(Beginning of Dataset extract)
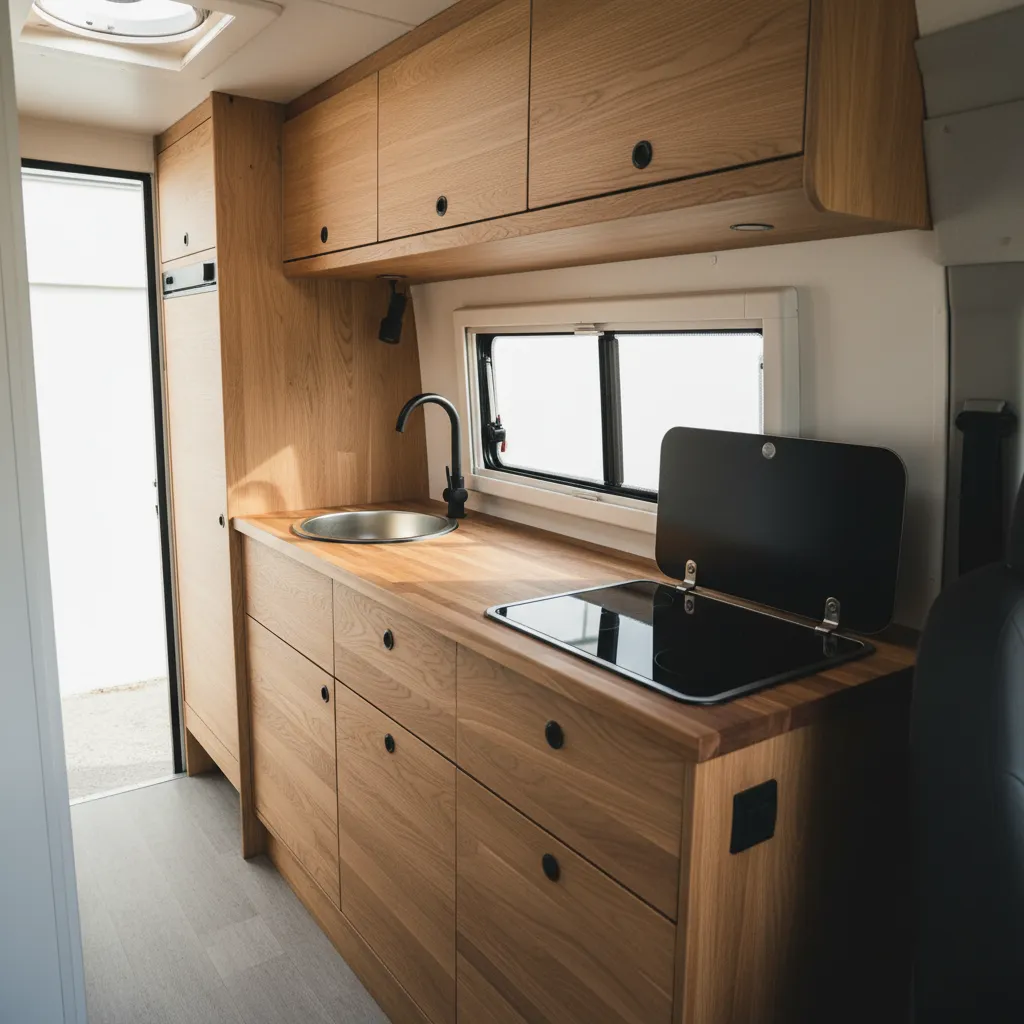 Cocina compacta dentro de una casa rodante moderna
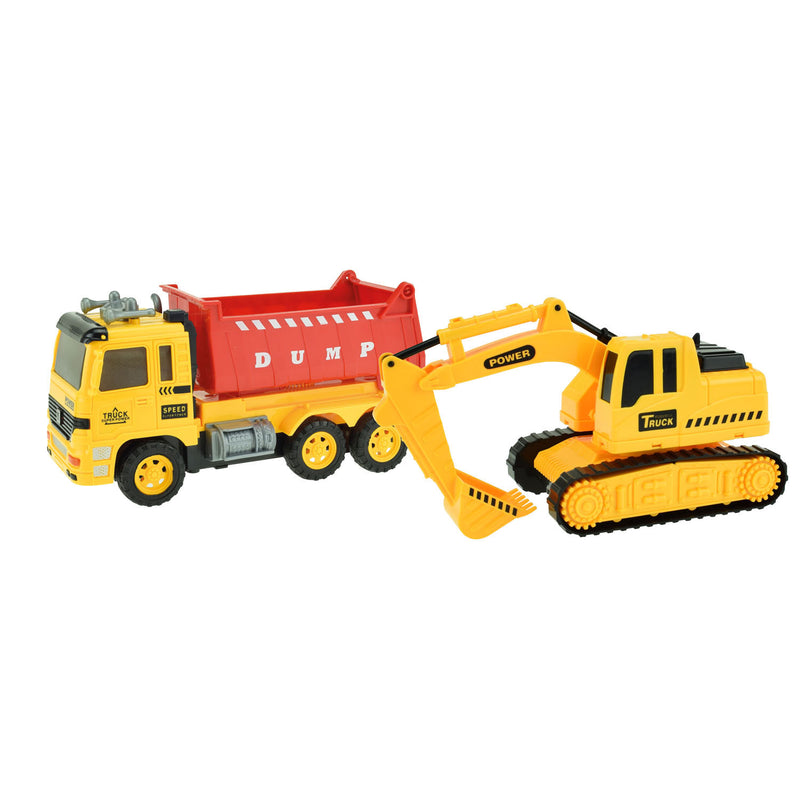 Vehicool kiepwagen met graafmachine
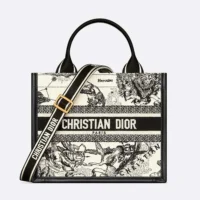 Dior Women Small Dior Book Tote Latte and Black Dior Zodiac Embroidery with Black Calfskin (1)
(End of Dataset extract)
● **Exercise details**: Write out the listing above exactly, images omitted.

● **Reply**:
 Cocina compacta dentro de una casa rodante moderna
 Vehicool kiepwagen met graafmachine
 Dior Women Small Dior Book Tote Latte and Black Dior Zodiac Embroidery with Black Calfskin (1)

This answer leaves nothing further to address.